En France, l’Etat a été pendant longtemps, et demeure en partie, un opérateur économique, et pas un simple régulateur. Il est actionnaire de nombreuses sociétés commerciales, et il lui est arrivé de privilégier cet aspect au détriment de son rôle d’intérêt général. L’Etat ne se contente pas de fixer les règles du jeu et de les faire respecter. Il joue sans complexe. La connivence de fait, qui existe en France, entre les grands commis de l’Etat et les dirigeants des grandes entreprises n’arrange pas les choses. Le prisme d’observation et par suite de prise de décision du Gouvernement est fortement marqué par les grandes entreprises, avec une vision « top down » de l’économie. La créativité n’est pas l’apanage des grandes maisons, plus « responsables » et peu enclines à la prise de risque. Les « petits », les « Start up », sont à la merci des grandes sociétés, qui rachètent les brevets en fonction de leurs intérêts plus que pour leur ouvrir des débouchés. Ajoutez à cela les facilités d’optimisations fiscales réservées aux grandes entreprises, et qui font de facto porter la charge par les petites et moyennes entreprises, les plus innovantes, et vous ne sous étonnerez pas le la révolte des pigeons.

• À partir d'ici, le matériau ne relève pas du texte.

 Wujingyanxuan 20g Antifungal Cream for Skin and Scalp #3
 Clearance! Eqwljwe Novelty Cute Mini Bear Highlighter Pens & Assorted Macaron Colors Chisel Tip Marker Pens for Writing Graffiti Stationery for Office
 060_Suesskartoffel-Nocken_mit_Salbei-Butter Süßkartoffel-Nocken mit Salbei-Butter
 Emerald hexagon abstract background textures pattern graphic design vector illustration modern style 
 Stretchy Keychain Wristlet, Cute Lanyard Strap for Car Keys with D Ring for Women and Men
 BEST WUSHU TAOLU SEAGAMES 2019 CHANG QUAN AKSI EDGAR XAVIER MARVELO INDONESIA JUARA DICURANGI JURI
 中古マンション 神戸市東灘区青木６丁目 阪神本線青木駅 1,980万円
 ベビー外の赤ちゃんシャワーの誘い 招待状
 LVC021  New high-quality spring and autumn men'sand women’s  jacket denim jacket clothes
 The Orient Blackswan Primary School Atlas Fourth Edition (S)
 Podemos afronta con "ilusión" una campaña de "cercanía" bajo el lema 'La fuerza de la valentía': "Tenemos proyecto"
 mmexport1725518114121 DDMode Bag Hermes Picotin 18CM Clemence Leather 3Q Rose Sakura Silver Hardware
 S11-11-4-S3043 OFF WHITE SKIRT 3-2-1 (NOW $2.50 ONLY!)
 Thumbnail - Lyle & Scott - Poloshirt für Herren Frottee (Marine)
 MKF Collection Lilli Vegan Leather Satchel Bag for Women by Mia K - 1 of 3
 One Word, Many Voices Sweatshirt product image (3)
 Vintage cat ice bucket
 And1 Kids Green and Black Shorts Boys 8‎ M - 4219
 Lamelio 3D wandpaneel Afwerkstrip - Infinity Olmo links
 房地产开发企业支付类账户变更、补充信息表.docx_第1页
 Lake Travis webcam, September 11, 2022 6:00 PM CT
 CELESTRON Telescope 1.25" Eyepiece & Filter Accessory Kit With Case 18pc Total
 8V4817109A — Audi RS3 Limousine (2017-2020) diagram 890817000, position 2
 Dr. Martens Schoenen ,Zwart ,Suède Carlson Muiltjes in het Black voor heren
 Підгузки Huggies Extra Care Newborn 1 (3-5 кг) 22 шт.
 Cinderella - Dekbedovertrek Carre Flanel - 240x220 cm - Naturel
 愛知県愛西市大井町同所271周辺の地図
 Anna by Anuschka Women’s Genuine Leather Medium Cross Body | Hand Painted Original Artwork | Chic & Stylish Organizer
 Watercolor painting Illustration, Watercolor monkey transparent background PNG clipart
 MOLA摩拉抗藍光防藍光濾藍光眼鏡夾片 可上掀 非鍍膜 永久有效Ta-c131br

Rappelez-vous cette phrase célèbre de JF Kennedy, « Ne vous demandez pas ce que l’Amérique peut faire pour vous, mais ce que vous pouvez faire pour l’Amérique ». Elle résume l’enjeu d’un Gouvernement. Donner envie aux citoyens et aux entreprises de participer à une aventure commune, au lieu d’attendre des solutions toutes faites. La recherche d’un avenir original est une aventure passionnante, à laquelle l’Etat doit associer l’ensemble de société. Ce ne peut être l’affaire de technocrates, de spécialistes qui seraient les seuls à détenir la vérité. Ce malentendu se retourne aujourd’hui contre l’Etat. Quel que soit le Gouvernement, il est attendu comme le Messie, on cherche l’homme providentiel à mettre à sa tête, qui apporterait toutes les solutions. L’inévitable déception qui en résulte ne fait que creuser le fossé entre l’Etat et la société, alors qu’au contraire, il faut apporter plus de fluidité et de spontanéité dans leurs échanges.
C’est une révolution culturelle dont a besoin l’Etat. Abandonner l’idée qu’il est le seul porteur de légitimité, que tout dépend de lui. L’inciter à écouter la société, à repérer les courants porteurs, à mettre en lien différents modes de pensée, à confronter des expériences, plutôt qu’à rester « en retard d’une guerre », arcboutée sur des principes désuets. L’Etat consulte souvent, avec des comités de toutes natures dont la prolifération a fait l’objet d’interrogations. Mais il consulte pour picorer des idées, dans des cadres bien établis et contrôlés. Les anciennes commissions du Plan, disparues avec le Commissariat du même nom, permettaient d’échanger, de se connaitre, et de faire des propositions, mais leur dénomination, le simple mot « Plan », les a condamnées. On les retrouve sur des thèmes, avec notamment le principe de la « gouvernance à 5 » du Grenelle de l’Environnement. Hors de ces exceptions limitées, l’Etat reste sur son Olympe, au-dessus des simples mortels. Une position intenable, qui le fragilise et donne libre cours aux dérives populistes, tout en décourageant les initiatives et l’innovation.
L’Etat et le gouvernement ont à leur tête des « chefs ». On aurait préféré des entraineurs, dont le rôle est de faire donner à une équipe, la société dans son ensemble, le meilleur d’elle-même.